Oft fehlt den meisten nämlich gar nicht den Mut, aus ihrem Alltagsroutine auszubrechen, wie allseits behauptet wird, sondern schlicht und einfach der Grund. Gibt es keine Gründe, muss man sie spielen. Gespielte Gründe sind übrigens auch besser als echte. Das kann jeder bestätigen, der morgens sein Horoskop liest, um zu erfahren, was ihn heute „erwartet“. Da steht an einem Tag der Rat, man solle heute bei Auseinandersetzung nicht auf Konfrontation gehen, da man dabei nur verlieren könne. Am nächsten, dass man, wenn man von den Kollegen nicht untergebuttert werden will, einmal deutlich seine Meinung sagen soll. Und natürlich würde man das jeweils Empfohlene auch tun, denn woher sonst soll man wissen, wann was angebracht ist? Mit Nachdenken käme man hier nicht weiter.

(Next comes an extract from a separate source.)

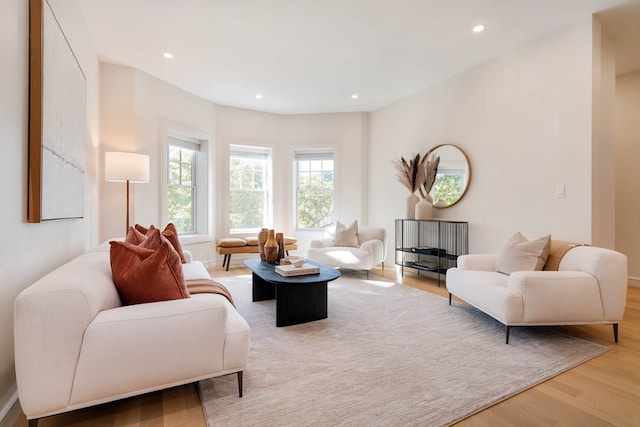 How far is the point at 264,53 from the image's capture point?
3.67 meters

Keiner, der vor einer Entscheidung sein Horoskop befragt, glaubt jedoch ernsthaft, dass man mithilfe von Horoskopen in die Zukunft schauen kann. Würde man daran glauben, könnte man sein Horoskop nämlich aus lauter Angst vor der Wahrheit nicht lesen. Die Astrologie ist ein Spiel, es liefert die vorgeschriebenen Gründe, mit denen sich die jeweiligen Entscheidung nicht ganz so willkürlich anfühlen, wie sie es in Wirklichkeit sind.

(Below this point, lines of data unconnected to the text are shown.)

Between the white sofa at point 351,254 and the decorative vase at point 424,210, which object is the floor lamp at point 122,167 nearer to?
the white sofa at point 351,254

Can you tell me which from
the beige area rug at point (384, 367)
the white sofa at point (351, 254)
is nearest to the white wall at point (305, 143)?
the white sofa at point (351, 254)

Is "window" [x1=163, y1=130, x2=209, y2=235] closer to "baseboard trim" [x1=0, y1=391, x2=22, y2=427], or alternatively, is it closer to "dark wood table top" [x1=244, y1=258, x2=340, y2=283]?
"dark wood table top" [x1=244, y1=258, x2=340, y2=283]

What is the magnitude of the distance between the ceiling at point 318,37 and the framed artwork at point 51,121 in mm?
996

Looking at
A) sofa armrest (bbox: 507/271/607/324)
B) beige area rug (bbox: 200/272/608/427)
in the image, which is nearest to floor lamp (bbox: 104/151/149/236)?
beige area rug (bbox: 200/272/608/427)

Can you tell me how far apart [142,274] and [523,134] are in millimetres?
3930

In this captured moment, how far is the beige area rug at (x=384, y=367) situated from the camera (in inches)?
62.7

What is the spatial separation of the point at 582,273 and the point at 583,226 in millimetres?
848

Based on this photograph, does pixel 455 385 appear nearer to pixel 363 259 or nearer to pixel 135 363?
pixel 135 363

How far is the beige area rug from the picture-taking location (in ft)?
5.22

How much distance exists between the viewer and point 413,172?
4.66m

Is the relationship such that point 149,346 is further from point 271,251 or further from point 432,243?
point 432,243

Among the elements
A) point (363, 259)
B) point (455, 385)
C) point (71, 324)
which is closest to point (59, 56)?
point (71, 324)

Auch gute und vernünftige Entscheidungen sind am Ende ein Glücksspiel, und man spielt immer dann am besten, wenn man die Sache nicht ganz so ernst nimmt. Das gibt einem auch die Freiheit, das Spiel vorzeitig zu beenden, falls das ohne allzu große Verluste möglich ist. Wer zwanghaft nach der richtigen Entscheidung sucht verschwendet nur seine Zeit. Was man unbedingt will, muss man nämlich gar nicht entscheiden, das macht man ja sogar, wenn andere Menschen einen versuchen daran zu hindern. Bei allem anderen reicht es, wenn man weiß, was man nicht will. Kein Mensch kann, solange er lebt, wissen, was er will, und zwar aus einem einfachen Grund: Was ich will, ist immer etwas anderes! Weil ich morgen ein anderer sein werde, kann das, was heute richtig für mich ist, schon bald wieder falsch sein. Sieht man sein Leben als Spiel, wird man daran nicht verzweifeln.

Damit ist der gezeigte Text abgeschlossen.